Colin's advice (as would be expected) for an 'equipment free' mini mash is excellent.
I get a bit confused here:


> Then go to boil + hops as per recipe. My pre-boil ended up being 1.056 - a bit short of Beersmith's 1.060, but I had about 10L compared to BS's 8L


Did you rapidly cool this and use it as the basis of your brew with the extract as an adjunct?
Did you just dump the extract in tto hot liquor hen add water to volume then pitch?
It makes little difference now, but may be worth thinking about later as you experience, learn and enjoy brewing.

K


----------



## machalel (6/3/12)

I haven't added the LME yet, that is just from the grains. The LME is a hopped non-boil tin, so I did the boil without it, then I've attempted to cool the grain wort in a water/ice bath (right term?) before adding it + LME + top-up water to the fermentor. Is that the right way to do it?

So no honey you reckon? No probs, i haven't added any yet...


----------



## machalel (7/3/12)

Everything is now done and dusted, all into the fermentor - fingers crossed!

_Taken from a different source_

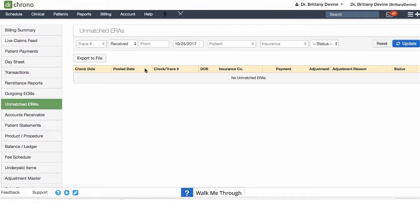When you do see that unmatched ERA, you'll be able to click on the pencil icon next to it and match it to the appropriate appointment.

Unfortunately.... I have no idea what the OG is, as my hydrometer decided to develop a pin-hole leak, so is now full of wort!
I think it was around 1.046, but that's relying on my dodgy memory + no time for the hydrometer to settle

>_<


----------



## machalel (8/3/12)

Machalel said:


> make sure temperature is about 70C, insulate and leave for ~45 mins



aaaaaaand I cant read... What he actually wrote down is 65C for 60 mins. Oh well, shouldnt make too much of a difference I hope 
Probably just a slightly higher FG?

Final gravity was 1.050 - on the dot of what Beersmith estimated.
Gravity this afternoon was 1.048.
Smelling pretty nice!


----------



## machalel (26/3/12)

Quick update:

Bottled this on Saturday and snuck a taste... It's better straight out of the fermentor than any of my previous extract brews! Super happy with this one.


----------